PMGT-VR: A decentralized proximal-gradient algorithmic framework with variance reduction
This work provides a linearly convergent decentralized stochastic algorithm for solving decentralized composite optimization problems, which is significant for researchers and practitioners working with distributed optimization.
This paper addresses decentralized composite optimization by proposing PMGT-VR, a novel decentralized variance-reduction proximal-gradient algorithmic framework. The framework achieves convergence rates similar to centralized algorithms, and the authors demonstrate two specific algorithms, PMGT-SAGA and PMGT-LSVRG, which are shown to be linearly convergent.
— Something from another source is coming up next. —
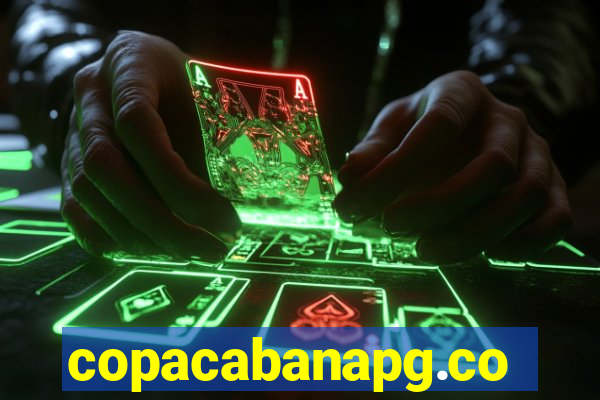 copacabanapg.com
This paper considers the decentralized composite optimization problem. We propose a novel decentralized variance-reduction proximal-gradient algorithmic framework, called PMGT-VR, which is based on a combination of several techniques including multi-consensus, gradient tracking, and variance reduction. The proposed framework relies on an imitation of centralized algorithms and we demonstrate that algorithms under this framework achieve convergence rates similar to that of their centralized counterparts. We also describe and analyze two representative algorithms, PMGT-SAGA and PMGT-LSVRG, and compare them to existing state-of-the-art proximal algorithms. To the best of our knowledge, PMGT-VR is the first linearly convergent decentralized stochastic algorithm that can solve decentralized composite optimization problems. Numerical experiments are provided to demonstrate the effectiveness of the proposed algorithms.